KORONADAL CITY—Calls to extend the transition period of the Bangsamoro Autonomous Region in Muslim Mindanao (BARMM) for three more years after 2021 are snowballing among local government and religious leaders in Mindanao.

Cardinal Orlando Quevedo, archbishop emeritus of Cotabato, has issued a statement “urgently and formally endorsing the petitions” to extend the Bangsamoro Transition Authority (BTA), whose mandate will expire on June 30 next year. The BTA would not be able to complete its mandate, he said.

“The reasons are indisputable,” Quevedo said. “The Covid-19 pandemic has made it impossible for the BTA to have regular face-to-face sessions. Security issues posed by radical armed groups prevent freedom of travel.”
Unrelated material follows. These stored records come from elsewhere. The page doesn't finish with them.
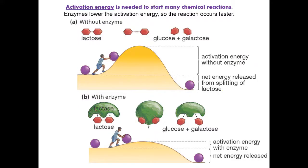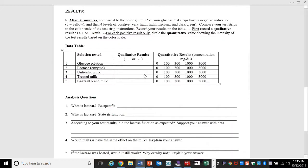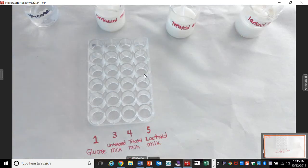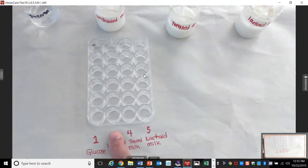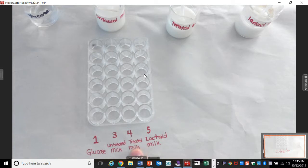When he puts the drops in, the enzyme should break it down. Will that test positive for glucose? Yes, it should. Good. So that's our prediction. So this should be negative. This should be positive.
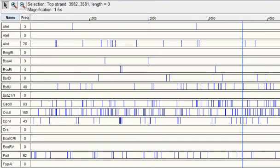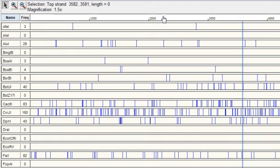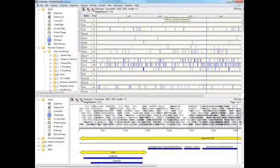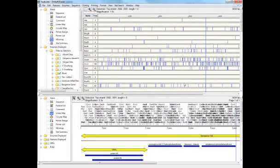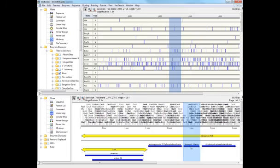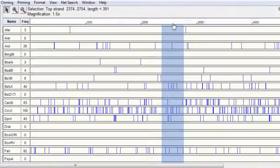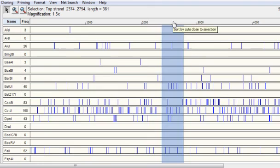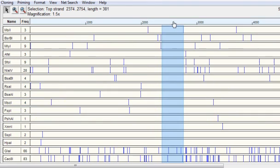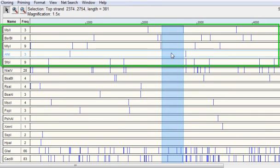You can sort the data in the minimap by clicking on any of these column headers. You can sort by name, frequency, and clicking on the column header for the ruler will sort by the enzymes that cut the closest to the existing selection. So if I select the range of sequence associated with this feature here in the linear map, and then click on the column header for the ruler, you can see that the enzymes up at the top cut very close to my selection.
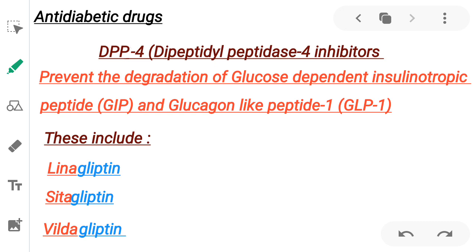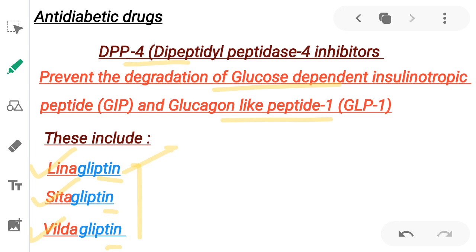The class of drugs that can enhance the incretin effect is DPP4 inhibitors (dipeptidyl peptidase 4 inhibitors), used in the treatment of type 2 diabetic patients. Their mechanism is simple: they prevent the degradation of GIP and GLP-1. These drugs include linagliptin, sitagliptin, and vildagliptin — easy to remember as they all end in '-gliptin'. The major side effect of these drugs is nausea, but there have been occasional reports of acute pancreatitis — the 'P' in DPP can help you remember the side effect pancreatitis.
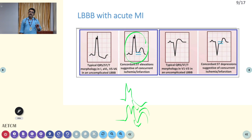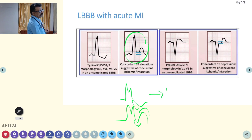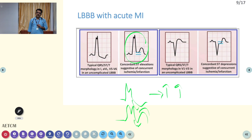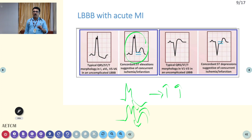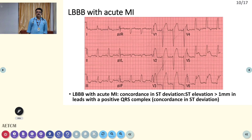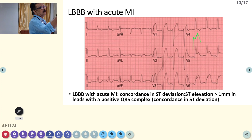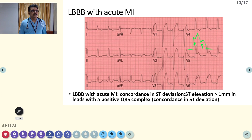If you have LBBB, always check the cardiac enzymes. If cardiac enzymes are highly elevated, that is a feature of myocardial infarction. Cardiac enzymes are the blood investigation that will tell you whether the patient is having unstable angina or myocardial infarction. If cardiac enzymes are not elevated, most findings are due to ischemia only; if elevated, it is infarction. In LBBB with myocardial infarction: wide QRS complex, M pattern with elevated ST — that is concordance indicating myocardial infarction.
He said the fledging region still had to resolve several issues, including the status of private sectarian education, decommissioning process of Moro Islamic Liberation Front (MILF) combatants, setting up of the Office of Settler Communities, and the delineation of ancestral domain of indigenous peoples (IP).

Quevedo cited the need to create structural and legal assurance of equality and nondiscrimination of minority groups within the Bangsamoro, especially on hiring and assignment of positions.

He said the transition period could not possibly establish “a new political culture within the Bangsamoro that would be ruled by the principle of transparency, accountability and efficiency—which is the professed intent of the Bangsamoro leadership.”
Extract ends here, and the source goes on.